Now we know: Labour's economic policy will not be settled around the kitchen table of the Balls /Cooper household.
Ed Balls had argued cuts in spending should be not only slower than the coalition's plans, but slower than those set out by Labour before the election.
Had he been appointed shadow chancellor, commentators would have assumed the new Labour leader had decided to adopt that analysis. If his wife had got the job they would have come to a similar conclusion.
Instead Ed Miliband has appointed Alan Johnson, who as a former home secretary has been asked rather more rarely for his views on the economy.
He has served in departments with an economic remit - as secretary of state at work and pensions and at trade and industry, but that was years before the debate began to centre on the deficit.

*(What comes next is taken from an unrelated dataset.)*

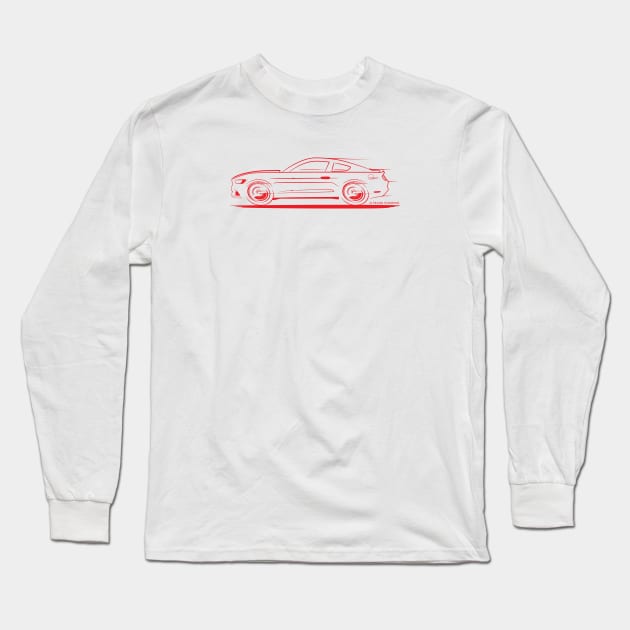 2015-2022 Mustang Fastback Red Long Sleeve T-Shirt by PauHanaDesign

In a recent newspaper interview though Mr Johnson observed the public "don't want to see the deficit go on forever".
Labour needed a "valid, logical argument" for tackling the deficit, he said.
Unstuffy and likeable
Interestingly in the same interview he made his support for the Miliband brother who lost the then ongoing leadership contest very clear.
"I think David is head and shoulders above the other candidate," he said.
Now he is arguably the most important man in Ed Miliband's team.
The former postman is known for being unstuffy and likeable.
He will need to be persuasive to reconcile differing views among Labour MPs on the future of the economy.
Already the Conservatives have said he looks like a caretaker appointment. His capacity to oppose their plans will be put to the test very soon.
Mr Johnson's first major challenge will be responding to the Spending Review in which the government will set out plans for cuts.
The new shadow chancellor's response to that statement will define Labour's position on the economy.
He has under a fortnight to prepare.